Por fim, dentre os candidatos à eleição de 2021, Xavier Hevas declarou que a morte cruzada foi uma medida irresponsável de um presidente que deseja governar o país sem a assembleia. Disse em entrevista que não participará da próxima eleição, anunciando que também não apoiará nenhum dos presidenciáveis. Hervas deixou seu partido, Izquierda Democrática, em 2022, por desacordos ideológicos. O Izquierda Democrática, de maneira semelhante ao ex-filiado, coloca como inconstitucional a decisão de Lasso.

Por seu turno, Guilherme Lasso dissolveu o congresso buscando governar.

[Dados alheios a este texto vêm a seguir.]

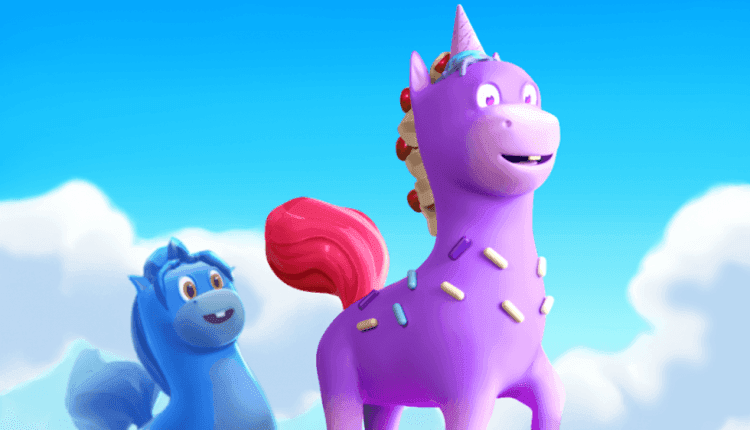 Crypto Unicorns Migration to XAI Blockchain and $CU Tokens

Mesmo o Conselho Nacional Eleitoral do Equador já estabelecendo eleição para agosto, esses meses podem significar um respiro político para o atual presidente e para a direita equatoriana. Lasso se coloca fora das disputas presidenciais, mas nada impede o fortalecimento da direita e o surgimento de um nome durante esse período. A reforma tributária foi o primeiro decreto que Lasso instituiu, os próximos vão na linha de aprofundar as políticas neoliberais, mediante a privatização de setores estratégicos da economia equatoriana.

A certeza que se pode ter é que o movimento indígena será crucial para definir os próximos episódios da conjuntura política equatoriana. A força indígena, com a CONAIE sendo sua maior representante, foi vista em diversos períodos da história do Equador e mais uma vez se mostra como um contrapeso às figuras políticas tradicionais já consolidadas. A CONAIE se colocou contra a “morte cruzada”, expondo que Lasso, juntamente com as elites, pretende impor medidas econômicas lesivas ao povo equatoriano e, por isso, a confederação estará nas ruas para barrar os retrocessos que virão.Portanto, temos um cenário em que a esquerda ainda está desunida, não podendo ser observado uma aproximação efetiva entre as diferentes lideranças e partidos políticos. O diálogo entre o correismo e os indígenas será essencial para formação de um bloco fortalecido, visto que os votos de Hervas são voláteis, muitos se direcionando para a direita. A maior dificuldade neste diálogo vai ser a desconfiança que o movimento indígena tem do correismo, visto os últimos anos de governo do Rafael Correa. Tanto o Revolución Ciudadana, quanto o partido Pachakutik e Yaku Péres, com o movimento “Somos Agua”, disputarão a liderança deste processo. A união dos setores de esquerda poderá surgir com os protestos e as ações que precisarão ser tomadas contra as medidas neoliberais de Lasso. É importante sublinhar que muitos definem o momento latino americano como uma possível “onda rosa”, mas muito mais fragilizada. Por isso, se a esquerda busca barrar o avanço neoliberal, é preciso repensar suas estratégias e táticas políticas, em um constante aprendizado com os episódios políticos dos países vizinhos.

 

Ana Lúcia Lacerda é mestre em Relações Internacionais pelo Programa de Pós-Graduação em Relações Internacionais na Universidade Estadual do Rio de Janeiro e doutoranda pelo mesmo programa. É pesquisadora do Laboratório de Regionalismo e Política Externa (LERPE-UERJ), tendo como foco estudos direcionados à América Latina. É militante da Insurgência/ PSOL.